McKinsey & Co. released their 2nd annual survey on the business use of Web 2.0 last month and it is available from the McKinsey website for free after you register. (As a comparison, the March 2007 version of the survey is also available – How businesses are using Web 2.0: A McKinsey Global Survey.)
The survey asked companies about their business use of Web 2.0 technologies (wikis, blogs, social networks, and mash-ups), which of these social and interactive tools their companies have adopted and for which purposes, what they are doing to encourage adoption and how satisfied they are with their use of these tools.
Here’s McKinsey’s final takeaway of the results:
Tougher competition. Almost 60 percent of the respondents satisfied with Web 2.0 initiatives (but only 42 percent of other respondents) see them as a driver of competitive advantage. Expect these companies to become more aggressive in the marketplace against rivals that are slower to get on board.
Higher investment levels. Satisfied or not, all companies plan to spend more on Web 2.0 tools—an opportunity for software developers.

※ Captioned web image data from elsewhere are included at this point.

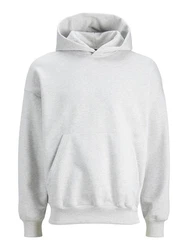 Jack & Jones Longsweatshirt JORVIBE SPONGY SWEAT HOOD Grau/Hellgrau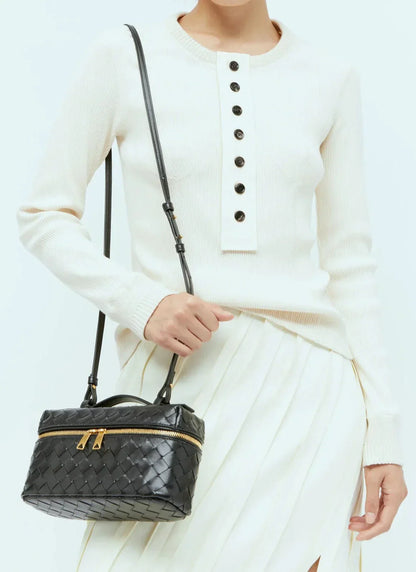 Gevlochten Handtas van Vegan Leer – Elegant & Veelzijdig voor Elke Gelegenheid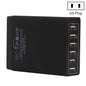XBX09A 50W 5V 2.4A 6 USB Ports Quick Charger Travel Charger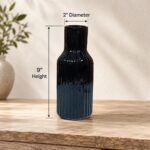 Ribbed Bottle Ceramic Vase - Image 3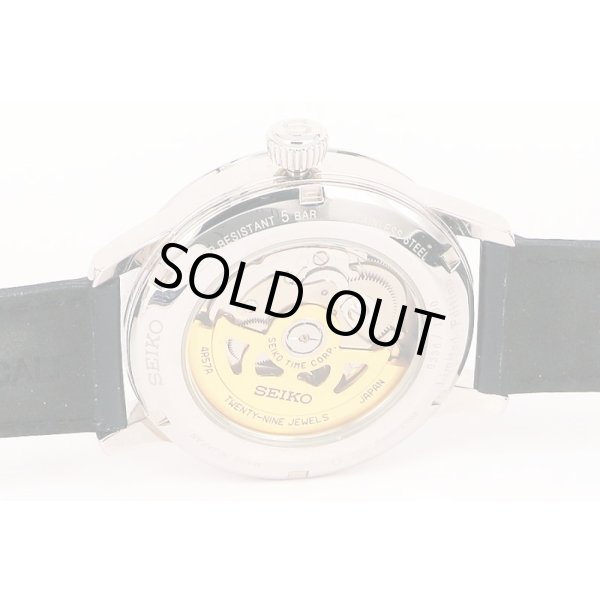 セイコー　プレサージュ　ＳＡＲＹ０８７　紺文字盤 　カクテル限定　裏面拡大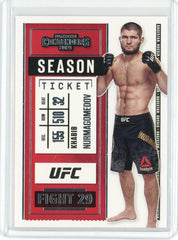 2021 Panini Chronicles UFC Khabib Nurmagomedov Season Ticket Card #2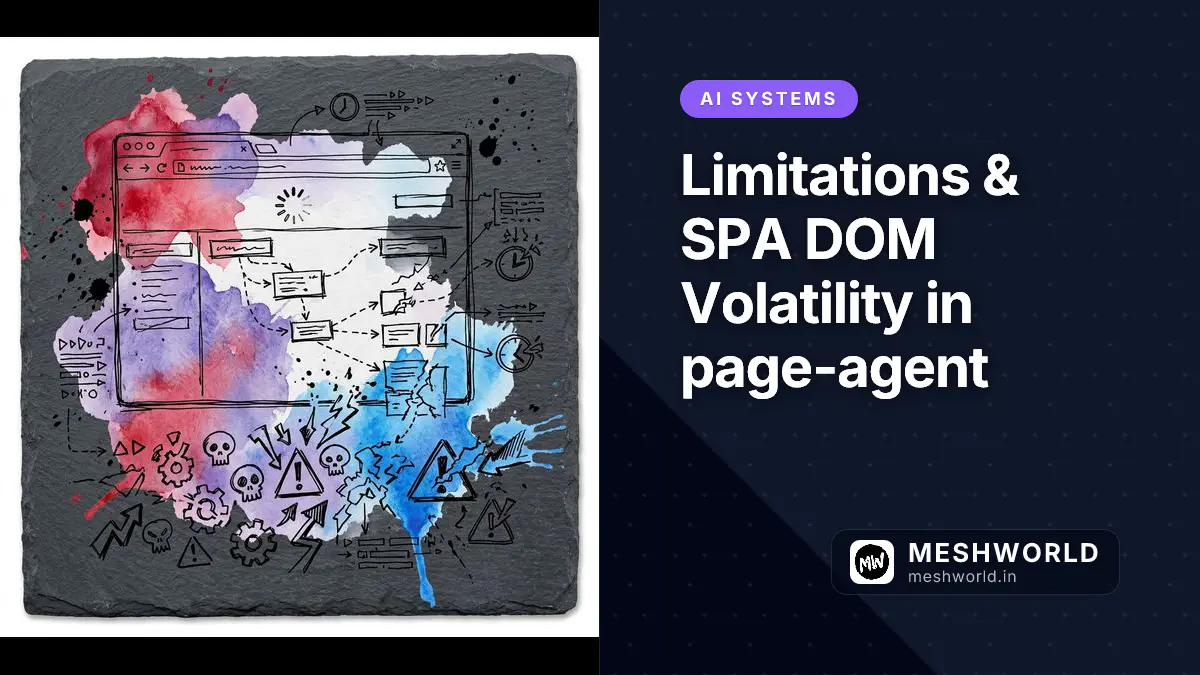 Limitations & SPA DOM Volatility in page-agent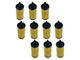 Engine Oil Filter; 10-Piece Set (14-15 3.2L Jeep Cherokee KL)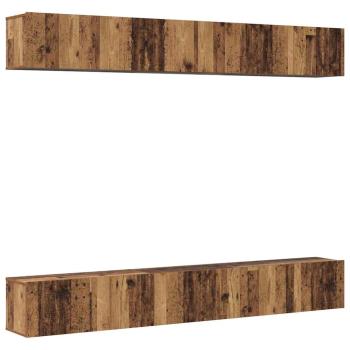 TV-Schrank-Set 6 pcs Altholz 60 x 30 x 35 cm Holzwerkstoff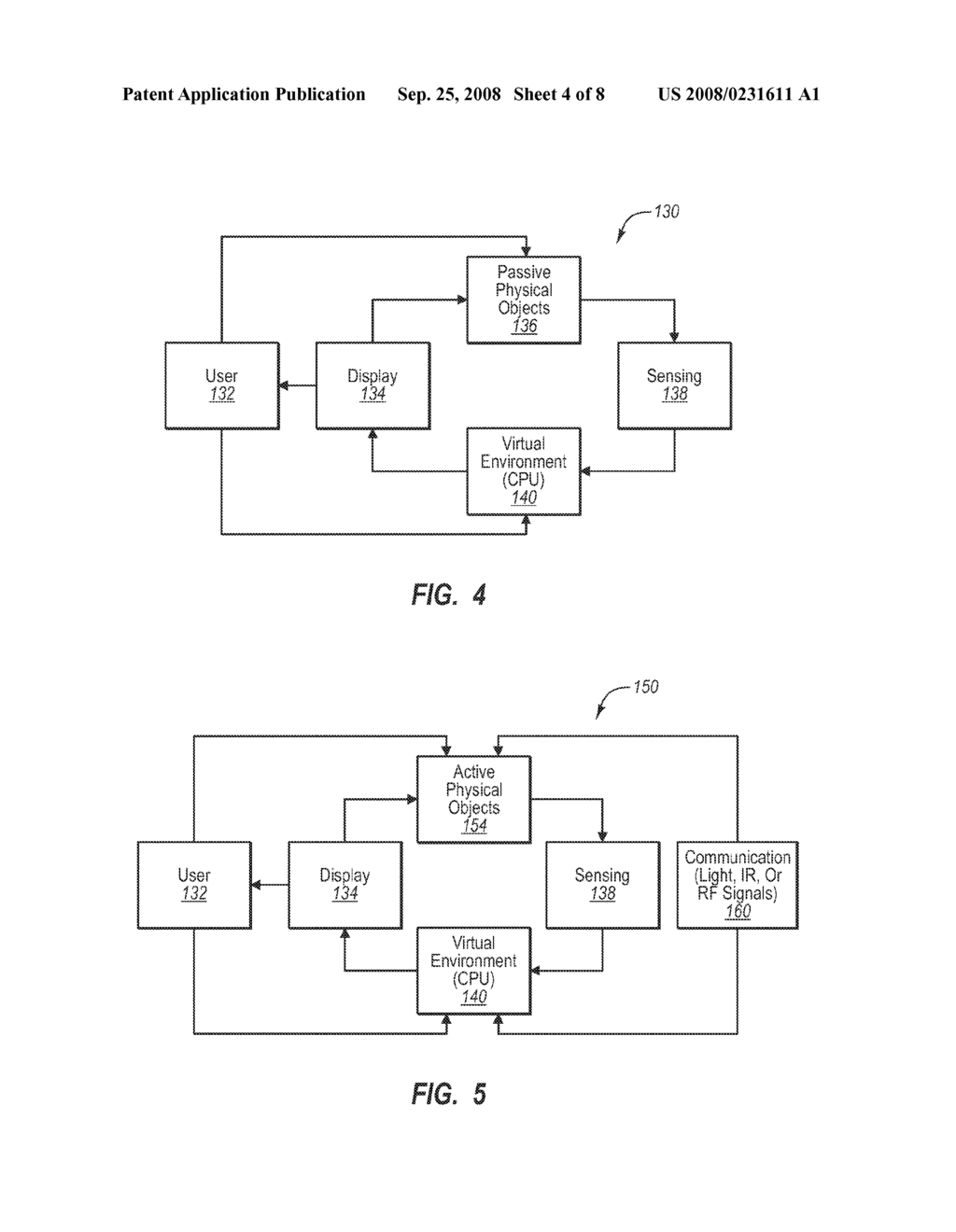 INTERACTION BETWEEN OBJECTS AND A VIRTUAL ENVIRONMENT DISPLAY - diagram, schematic, and image 05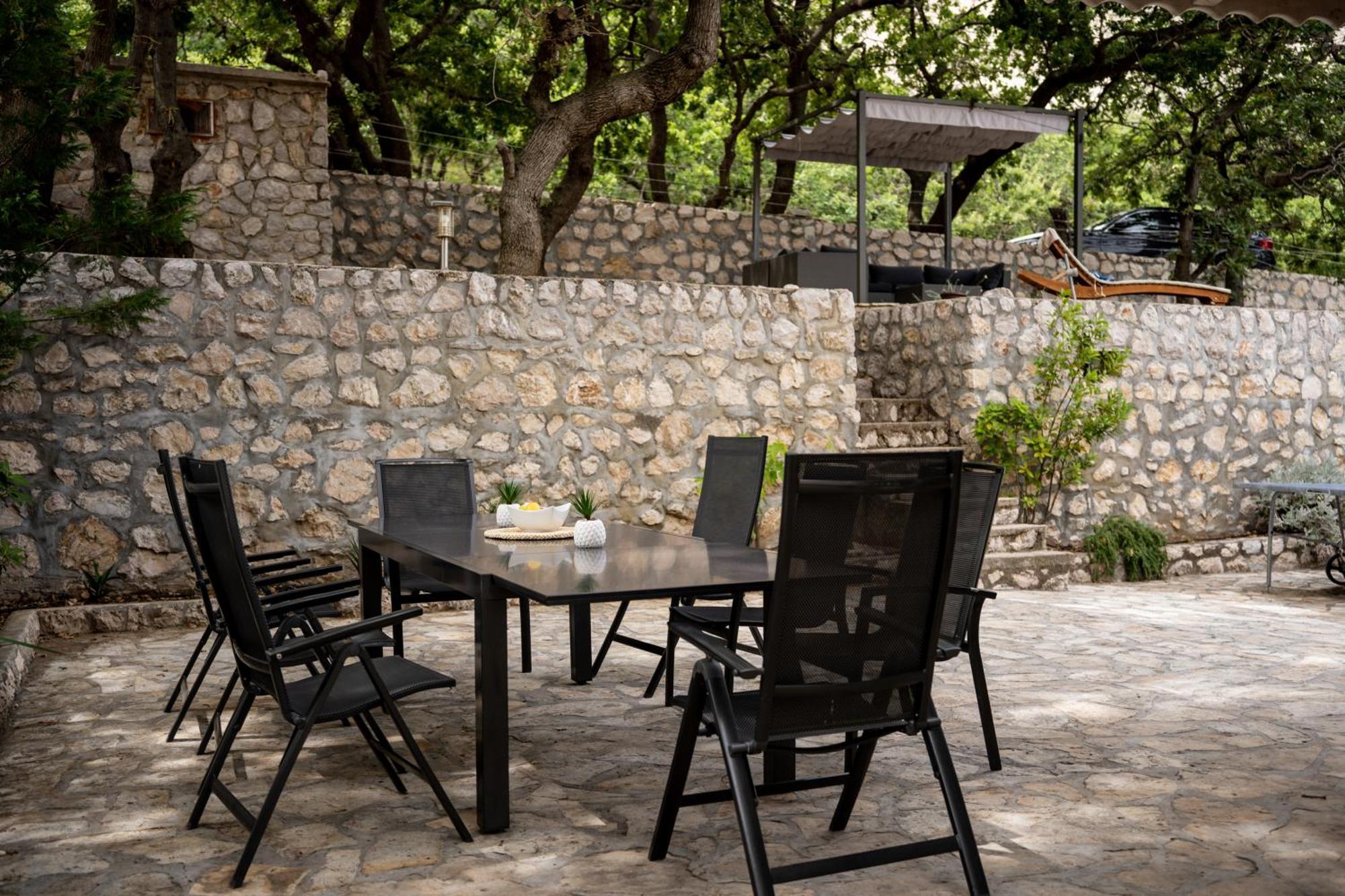Villa Pag Dubrava Relax With Pool Bosana ภายนอก รูปภาพ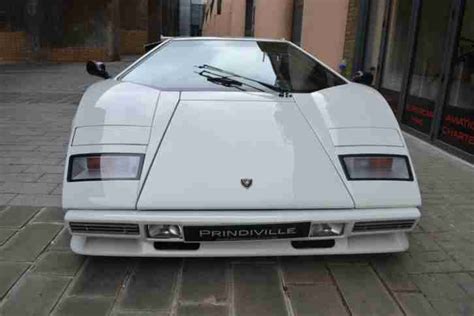 Lamborghini Countach 5000S in White on a Two Tone Interior. car for sale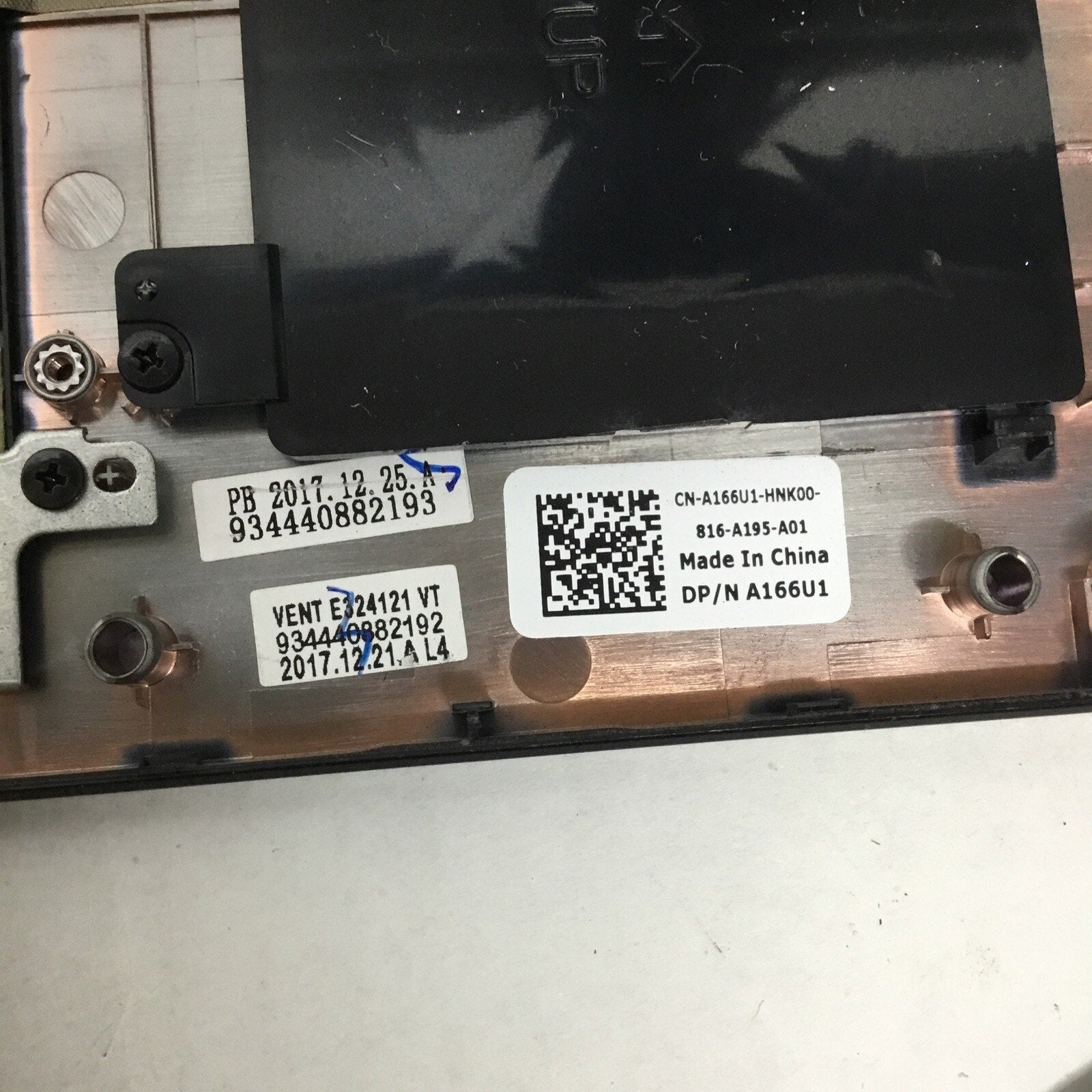 Dell Latitude E5580 Precision 3520 Palmrest Keyboard Touchpad A166U1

Building Web 2.0 success. There are few differences in size, region, or even tool use between companies that are satisfied with their Web 2.0 experience and those that are not. This suggests that today’s seemingly insurmountable barriers could be overcome through the adoption of managerial methods that satisfied companies use.
Innovation. Successful companies already use Web 2.0 for business applications such as communicating with customers and suppliers; soon they may use it to drive innovation.
And here is my 3 cents. What do you think?
Tool adoption is still low – When looking at the chart of Web 2.0 tool usage, I am encouraged that blog usage is up from 21% to 34%. But I am still blown away that this percentage is not larger. Setting up and contributing to a blog is pretty simple and doesn’t cost much. You do need a dedicated blogger or two – but the continually fresh content does drive and keep people on your website. For example, the blog at my former company was responsible for about 5% of all website traffic.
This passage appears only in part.